Un muro che si apre a sud come i grandi portali d'ombra dei 'barchi', dei fienili o delle barchesse. Un muro che si snoda anche all'interno del complesso e continua ad essere una guida al racconto dello spazio.

Nord, sud, ovest, est
Il fronte nord e' quello piu' compatto. Un solo punto, in corrispondenza del salone centrale, annuncia il grande vuoto interno con l'incisione di quattro bucature unificate dal colore.
All'interno, una 'strada' scandita da grandi finestre basse e disegnata da porte colorate in relazione ai diversi sistemi appartenenza: accoglienza, didattica, interdisciplinarieta', servizi.
La direzione della luce attraverso i lucernari apribili in copertura ne nasconde l'ingresso diretto e da' cadenza allo spazio accompagnando il percorso dei colori con il ritmo delle ombre e costruisce un'alternanza tra zone compresse e dilatate.

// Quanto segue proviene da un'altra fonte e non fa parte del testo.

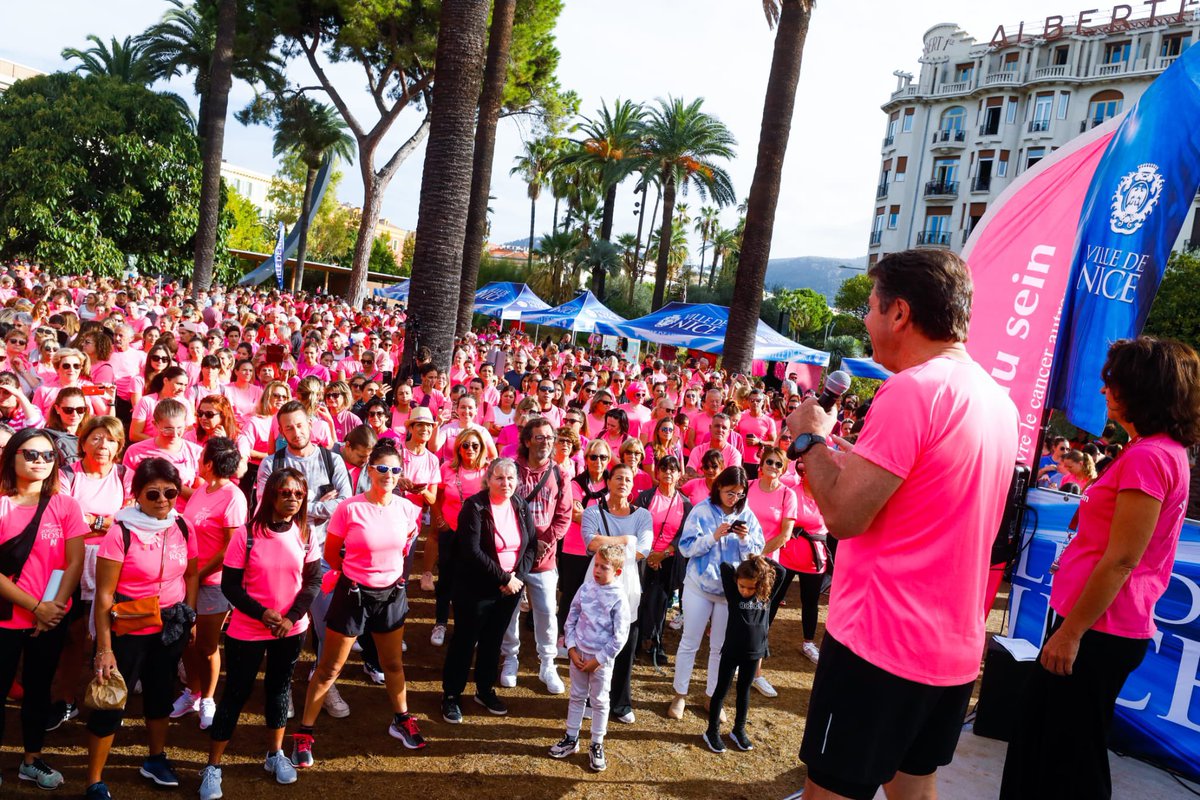 cestrosi's tweet photo. Aux côtés de @ProtBarbara pour encourager les coureuses et coureurs qui s’élancent ce matin dans le #JoggingRose, événement solidaire organisé par SOS Cancer du Sein pour sensibiliser à la lutte contre ce fléau. #OctobreRose https://t.co/5tKyG358Rx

Il fronte sud viene scandito da tre grandi portali dove lo sporto generoso dei due laterali mette in evidenza in negativo il salone centrale, sviluppato in altezza, dove una serie non interrotta di vetrate scorrevoli in iroko permette un collegamento diretto tra le aule e l'esterno.
La luce allarga l'ambiente e spinge le aule verso l'esterno facendo entrare il giardino con i suoi rumori.

Ancora, a ovest, una corte piu' riparata assolutamente colorata di rosso, e' disegnata come una stanza a cielo aperto su cui abbiamo inciso un'unica quercia come simbolo di una fondazione.

Un vuoto d'ombra, a est, una piccola corte arrossata dal colore della superficie intonacata e, in autunno, dalla vite americana, si sporge per accogliere il percorso di ingresso in doghe di larice.